The big thing is you can't just start with a box, you need to more directly create a surface closer to the actual desired shape.

To do that, I'll use the sweep tool to make a more custom shaped surface.

To start with, I drew one quadrant of the sweep rails, using Draw curve / Freeform / Control points. When you use this tool the first and second points define the starting tangent direction of the curve. So if you plan on some kind of smooth mirror image like in this case, you want to make sure that second point comes away from the first right along a perpendicular direction.

So here is what I drew:

smooth_thing1.jpg


Then I selected that, and use Transform / Mirror to create a mirrored copy around the y axis. Then I selected both pieces and used Edit/Join to glue them into a single curve. This curve is made up of 2 segments. Sometimes it is nice to fuse segments together to make single segments because one single segment is guaranteed to be nice and smooth inside of it. So I turned on control points with Edit / Show pts, and selected and deleted the middle point where the 2 segments were touching, that fuses them into one single segment. Then I hit escape twice to turn off points, and selected that one and now mirrored around the xaxis.

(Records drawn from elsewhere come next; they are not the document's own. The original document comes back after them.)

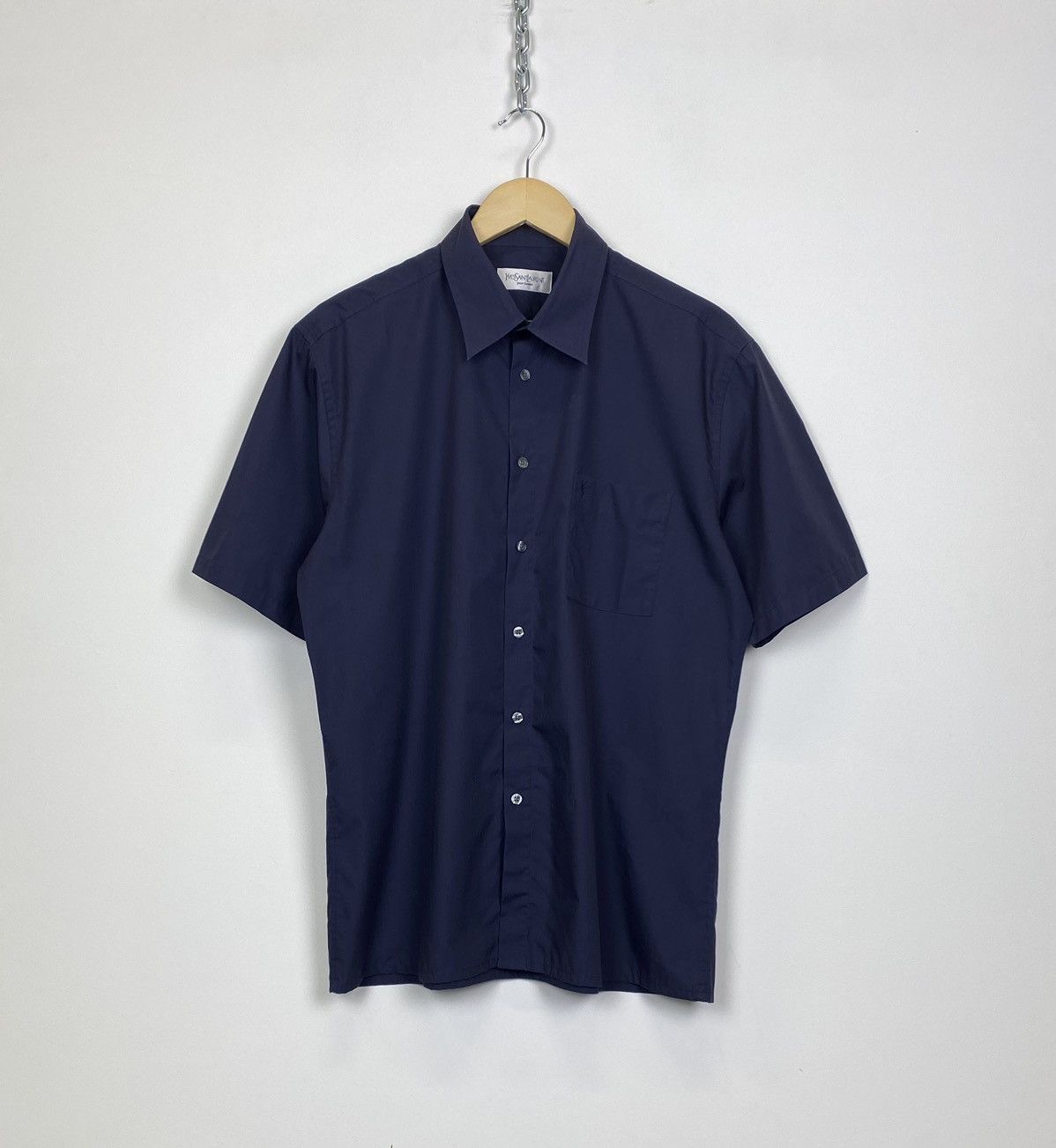Yves Saint Laurent Vintage Yves Saint Laurent Shirt Short Sleeve 90’s Pockets Size US L / EU 52-54 / 3 - 1 Thumbnail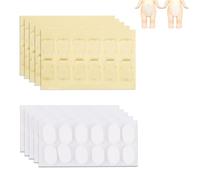 120 Unidades Cinta Adhesiva para Sonny Angel Hipper, Doble Cara Almohadillas Adhesivas Transparentes Repuesto de Pegatinas Minifiguras Sujeción Segura para Decoración DIY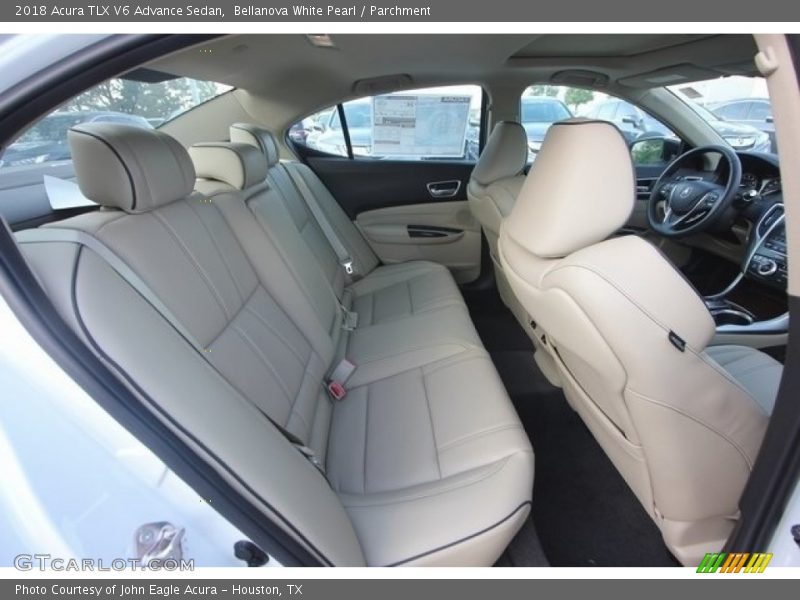 Bellanova White Pearl / Parchment 2018 Acura TLX V6 Advance Sedan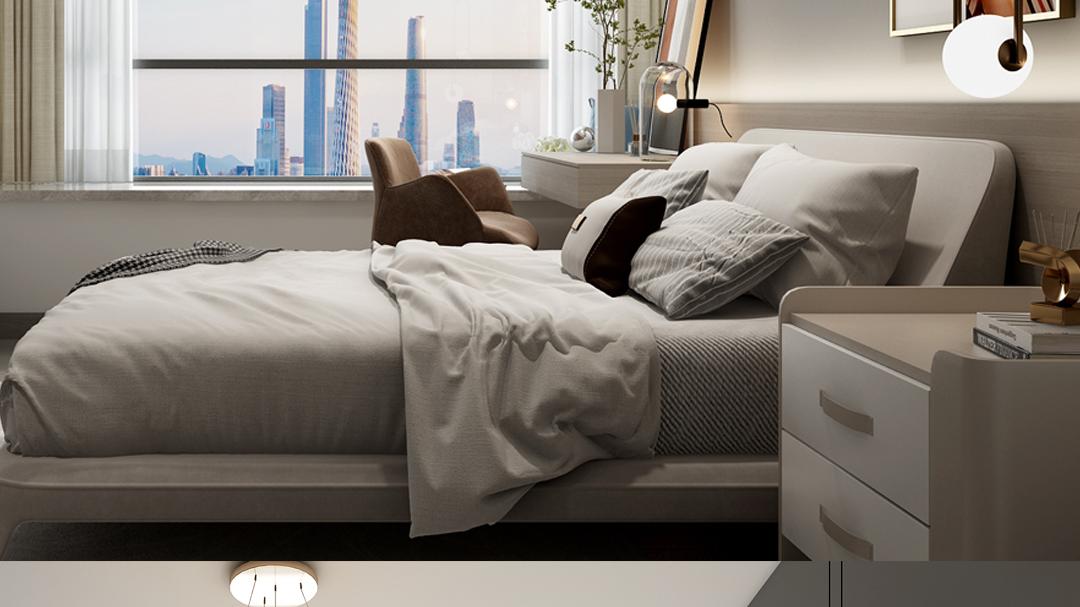 惠州装修│128㎡现代轻奢简约风装修设计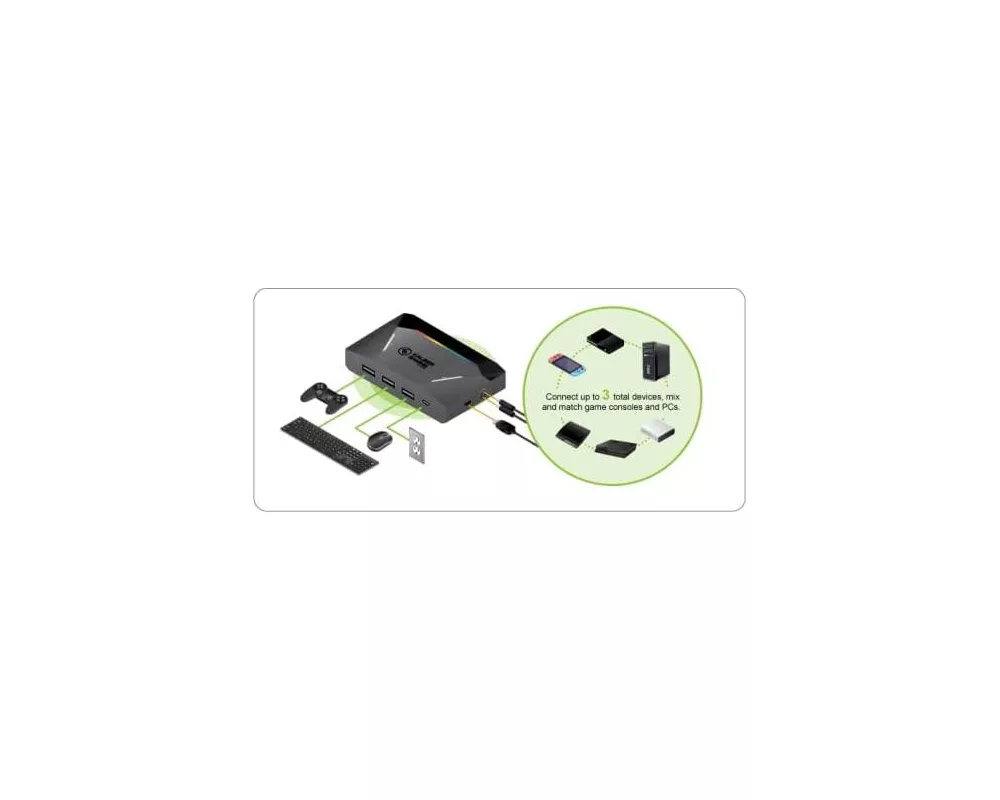 Геймърски аксесоари Адаптер ATEN IOGEAR KeyMander 2 3Play, За клавиатура и мишка към PC & Game Consoles 6
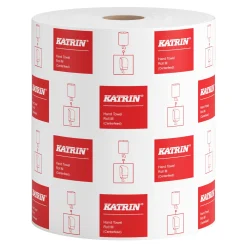 Katrin 485049 Centerfeed M Handtuch-Mehrzweckrolle Innenabrollung, perforiert, 1-lagig, 300 Meter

This gets you to here:




Now for a cross-section for the sweep. I decided to draw one using Draw curve / Freeform / Control points, I turned on grid snap and drew this:



You want to draw that a little off to the left side of the other curves. Now it is time to create the surface - select the last curve, and run Construct / Sweep, then select the 2 longer ones, that will generate this shape:



When you have the profile shape for a sweep off to the side like that, MoI will automatically move it and rotate it perpendicular to the rail curves. You can also have more than one, just have them in left-to-right order (all off to the side of the rails though) and they will get evenly spaced along the rails.

At this point you can also turn on points for the profile or the rails and tweak them to fine tune the shape of the surface.

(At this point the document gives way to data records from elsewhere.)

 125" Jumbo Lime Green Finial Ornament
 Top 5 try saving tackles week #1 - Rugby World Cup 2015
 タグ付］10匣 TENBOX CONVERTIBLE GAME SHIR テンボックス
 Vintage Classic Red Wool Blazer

Then I deleted all the curves, and used ctrl+drag on that shape to make a duplicate , used Transform/Rotate to spin it around a little bit and that gets this:



Then I selected both of those, ran Construct / Boolean / Union to fuse them together into one solid, then selected the solid and ran Construct / Fillet to round the sharp edge where they intersected. If you select an entire object, all sharp edges of it will be filleted - if that's what you want it is not necessary to pick the edges themselves, just the object as a whole. Also another option for selecting things in fillet is to select a face, that will cause all the edges that belong to that face to fillet. Sometimes that is easier than trying to select individual edges.

Ok, so in this case I applied a fillet of radius 5, and then I switched the fillet shape to be "G2 Blend" instead of "Circular". The default fillet shape is circular, but that tends to make a rather mechanical type shape since it is an exact perfect circle cross-section. If you use the blend shape, it is not an exact circle anymore, it is a more organic type gradual curve shape which is what you kind of want for non-mechanical forms like this.

That generates this shape, shown here in OBJ export with display:shaded




So the key thing different from what you were showing, is to more directly draw the shape that you want, that's kind of how the overall approach works.

That gives you a lot of more explicit control over your shape, but in some situations it is hard to draw a controlled shape of something that is totally blobby and amorphous, so the more that things tend towards that direction, the less suited the NURBS toolset can become.

Eventually at some point in the future it will become more common for CAD programs to combine both "traditional" NURBS for its accuracy and quick mechanical design stuff, along with subdivision style cage modeling. There is a program called "T-Splines" that you might want to look into if this type of design is important to you, it is kind of a fusion like that. For quite a while MoI will be more focused on the more "explicit, drawing" type methods though.